Going back through the thread and picking up bits I wanted to touch on again or that I failed to touch on the first go around...
I think this is/was the big hang up with 4E. Too many people tried doing dungeon crawls instead of action set pieces. So something that's normally fun like combat just becomes a tedious slog.
Absolutely. Anything on the sheet is a fair target. And anything on the sheet has the potential to solve a problem, not just combat powers.
I'm not interested in endless slogs of combat. Even when we finally cottoned to how 4E should be run (big set pieces instead of constant dungeon crawls) the process of combat took too long for our tastes. Even the most fun encounter on paper that's well designed and complex in an interesting way become dull and lifeless after two (or more) solid hours of combat.

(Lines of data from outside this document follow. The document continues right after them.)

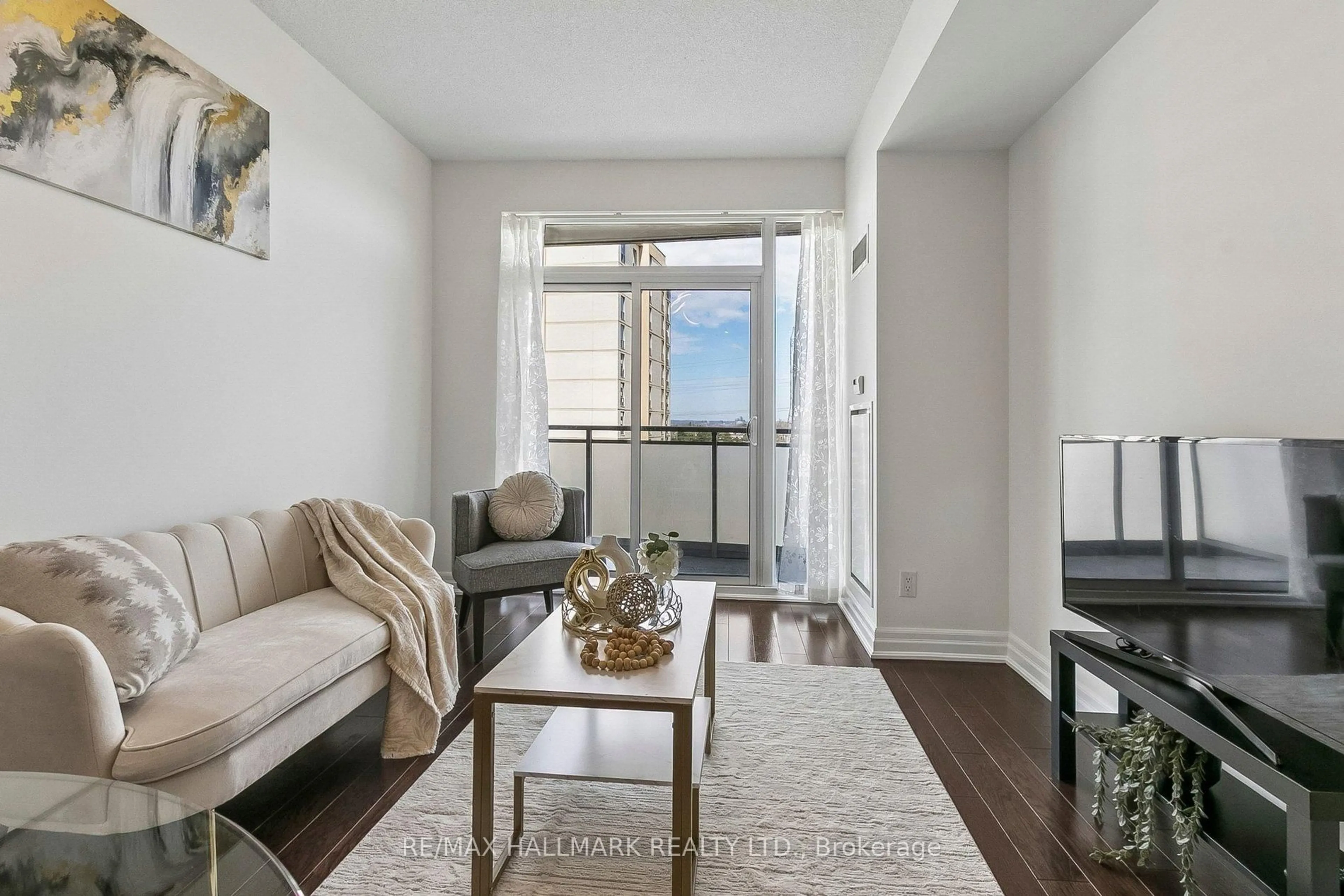 Living room with furniture, unknown for 17 Ruddington Dr #705, Toronto Ontario M2K 0A8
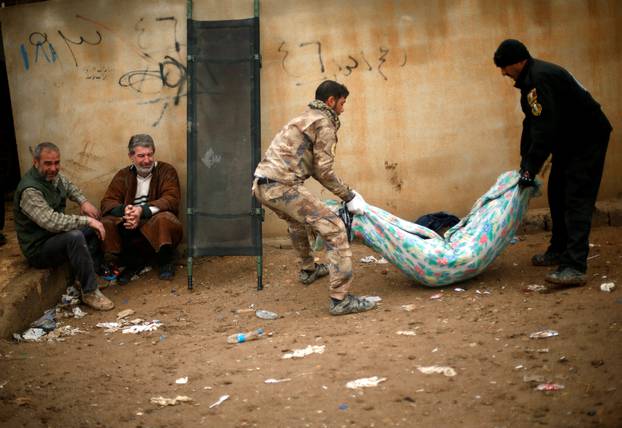 An Iraqi father mourns as soldiers carry the body of his son, who was killed during clashes in the Islamic State stronghold of Mosul, in al-Samah neighborhood, Iraq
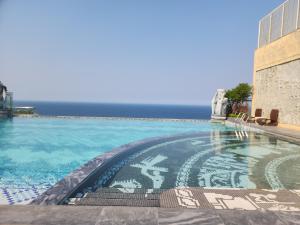 a swimming pool with the ocean in the background at Yana Apec Phu Yen in Tuy Hoa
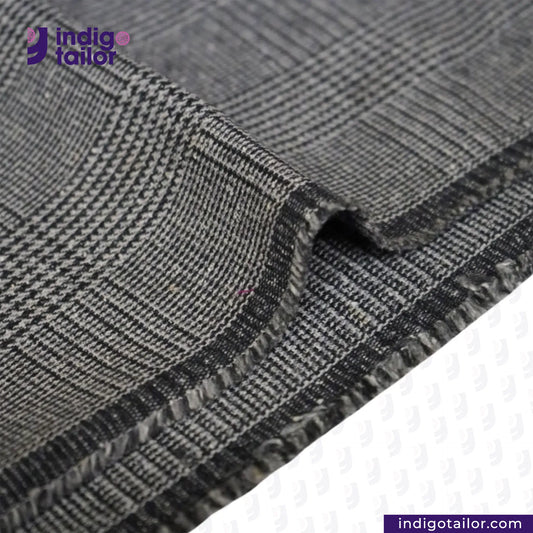 Close-up of GREYHOUND TWEED PLAID fabric with 'Indigotailor' logo.
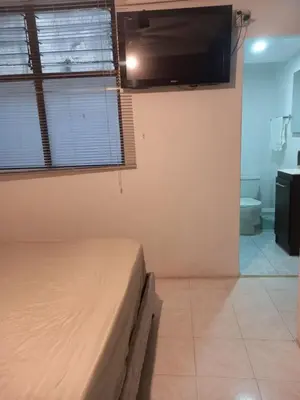 a bedroom with a bed and a flat screen tv at apartamento 3 habitaciones cerca al parque del poblado in Medellín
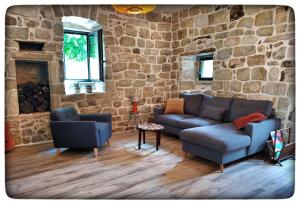 a living room with two couches and a stone wall at Hortense Grange 2/4 personnes in Sanilhac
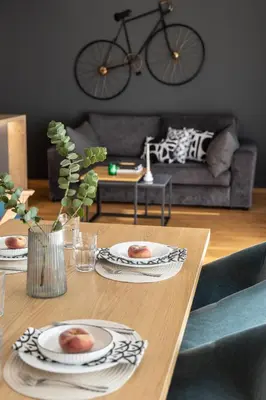a living room with a table with plates on it at Spacious 3-Bedroom Getaway with Balcony in Glyfada in Athens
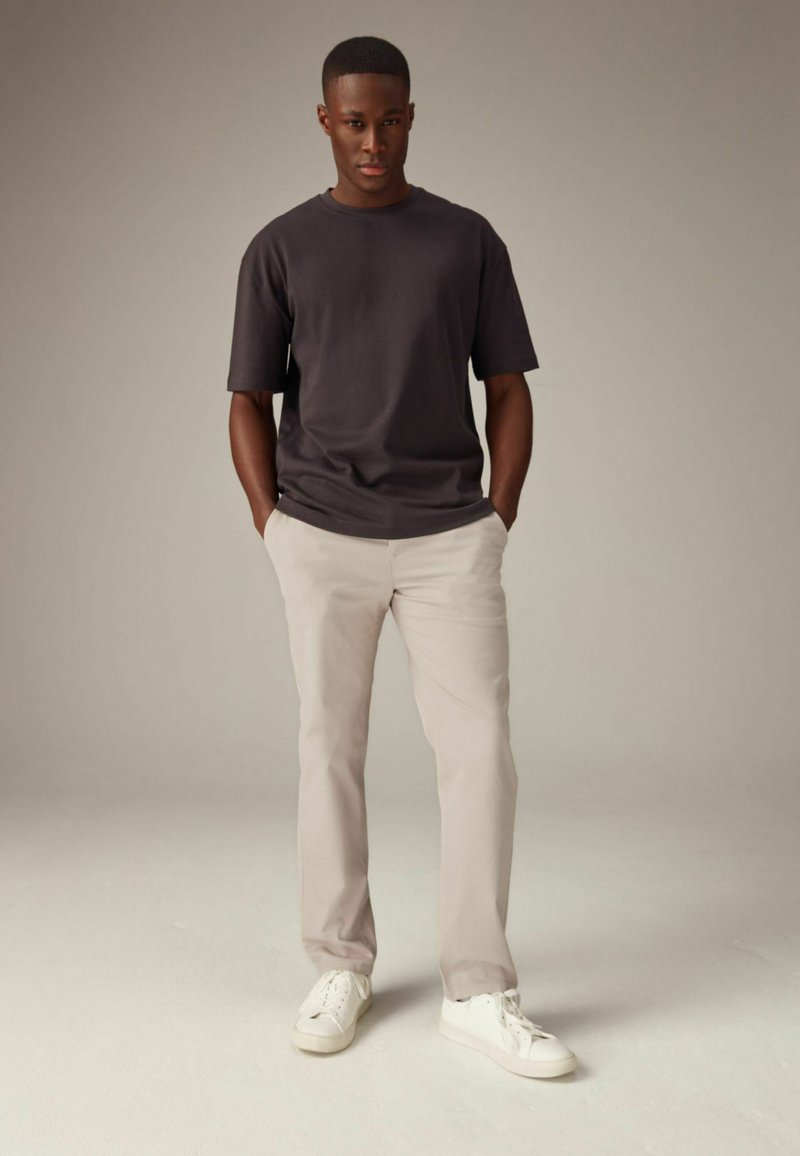 T-shirt grigio scuro a maniche corte con una vestibilità rilassata, abbinato a pantaloni beige chiaro e sneaker bianche, posato su uno sfondo neutro.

My response to that is that a combat which lasts two hours and is ONLY about fighting, and more fighting, is not really what I'm talking about. This was the danger of a lot of the 'big solo' model of encounter design. I question the use of solos in most cases. Of course there are plenty of other encounter designs that aren't great either. If you stick to the 'this is an action adventure scene' and make sure there is a solid 'encounter plot' with goals and characters, etc. then you shouldn't really be bored. The whole thing will include lots of fun RP, characterization, planning, etc.
As I said elsewhere:
"I fell in love with literally everything they did with this edition...except how it actually played at the table. I loved the lore changes, the points-of-light setting, big magic rituals for everyone, residuum, solving linear fighter vs quadratic wizard, roles, power sources, powers, layout, design, monster variety, monster stat blocks, monster roles, MM3 on a business card, the DMGs were amazing...I loved literally everything they did with this edition...except for how it actually played. We played from the start to the finish with this one but could never get a simple combat to be anything less than a multiple hour slog. We tried everything and nothing ever worked. If only they revised the combat rules for speed of play."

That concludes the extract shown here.